▶ Work instructions
Could you restate the entries word for word, without the images?
★ ★ ★ ★ ★
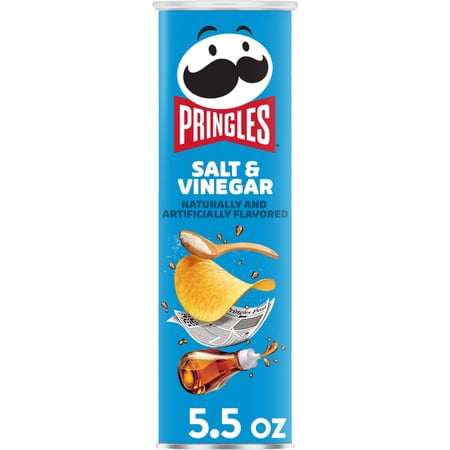 Pringles Potato Crisps Chips, Salt and Vinegar, 5.5 oz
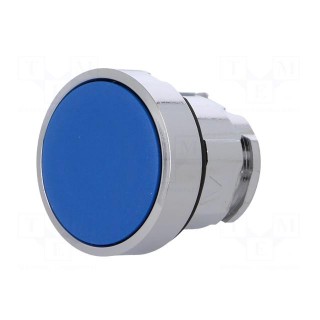 Switch: push-button | 22mm | Stabl.pos: 1 | blue | none | IP66 | prominent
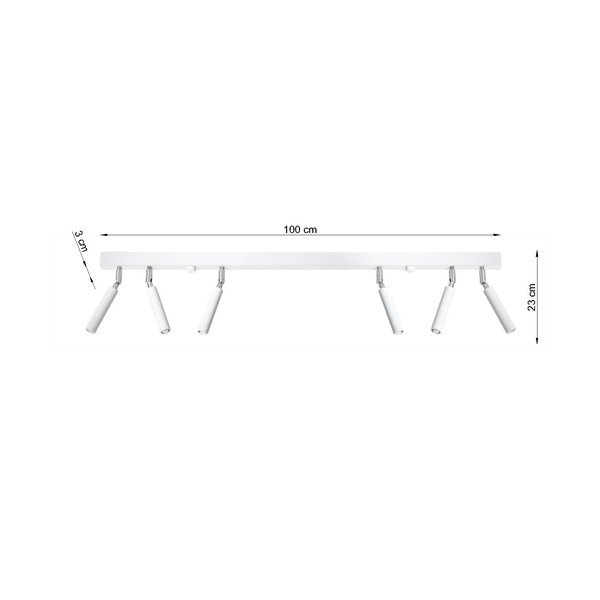 Apparecchio da soffitto bianco Sei Tiden - Sollux-image-2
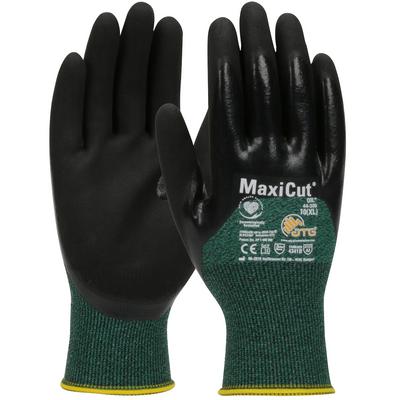 Protective Industrial Products 44-305 Seamless Knit Engineered Yarn Glove with Nitrile Coated MicroFoam Grip on Palm, Fingers & Knuckles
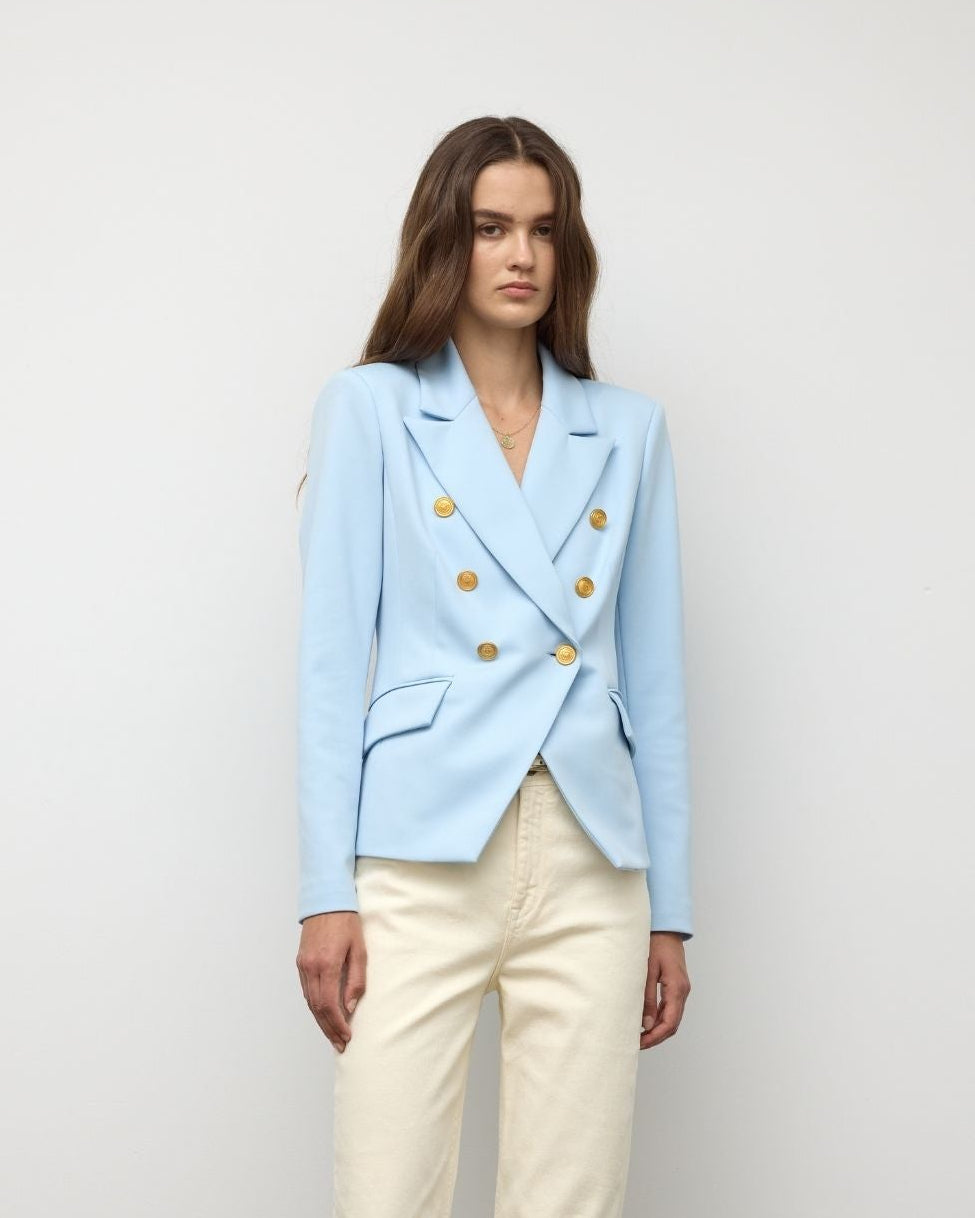 6 Buttons Jacket - Sky Blue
★ ★ ★ ★ ★
▶ Reply to the exercise
 Pringles Potato Crisps Chips, Salt and Vinegar, 5.5 oz
 Switch: push-button | 22mm | Stabl.pos: 1 | blue | none | IP66 | prominent
 Apparecchio da soffitto bianco Sei Tiden - Sollux-image-2
 Protective Industrial Products 44-305 Seamless Knit Engineered Yarn Glove with Nitrile Coated MicroFoam Grip on Palm, Fingers & Knuckles
 6 Buttons Jacket - Sky Blue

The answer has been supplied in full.